High-nitrogen compounds, featuring in the release of environment-friendly N₂ and good thermal stability, have attracted increasing attention in the area of high energy density materials (HDEMs) [1 –6]. As one class of them, high-nitrogen ion salts not only inherit the novel physical and chemical properties of ionic liquids and salts, but also have a large number of N–N and C–N bonds and therefore possess large positive heats of formation [7, 8].

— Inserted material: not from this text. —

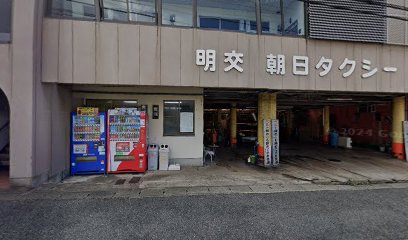 （有）朝日総合サービス 事務所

Five-membered heterocyclic compounds are traditional sources of energetic compounds [9 –11], and considerable attention is currently focused on azoles as high-nitrogen ion salts. Azoles compounds are an attractive, stable, high-nitrogen candidate suitable for practical applications as heat-resistant energetic materials. Table 1 lists five high-nitrogen energetic ion salts that have been reported [12 –16]. They all have relatively high-nitrogen content and good energy characteristics. Among them, the structures of 4-amino-1,2,4-triazole-2,4,6-Trinitro-1,3,5-trihydroxybenzene [(ATZ)(TNPZ)] [12] and the chloride salt of 1,1’-(triaz-1-ene-1,3-diyl)bis(1H-tetrazol-5-amine-5-aminotetrazole) (Cl•TEBA •2ATA) [13] (shown in Fig. 1) are similar to those reported in this paper. They are all connected by ionic bond through high-nitrogen ligands and non-metal cations. However, they all have a relatively low thermal decomposition temperature under 300°C, which could not meet the needs of specific conditions. Therefore, seeking new high-nitrogen ion salts that have better thermal stability is the current research hotspot.

Fig.1

Molecular structure of (ATZ)(TNPG) (a) and Cl•TEBA •2ATA (b).

Fig.2

Synthesis of H₃BTI.

Table 1

Nitrogen content, thermal decomposition temperature and reference number of five known high-nitrogen energetic ion salts that have been reported

Compounds	Nitrogen content/%	Thermal decomposition temperature/°C	Reference number
(ATZ)(TNPG)	28.41	200.1	[12]
Cl•TEBA •2ATA	77.13	230.5	[13]
Copper imidazolates	32.77	200–300	[14]
4-Nitro-5-(5-nitro-1,2,4-triazol-3-yl)-2H-1,2,3-trizaole	52.28	168.45	[15]
5,5^′-bis(trinitromethyl)-3,3^′-bi-1H-1,2,4-triazole	53.84	148	[16]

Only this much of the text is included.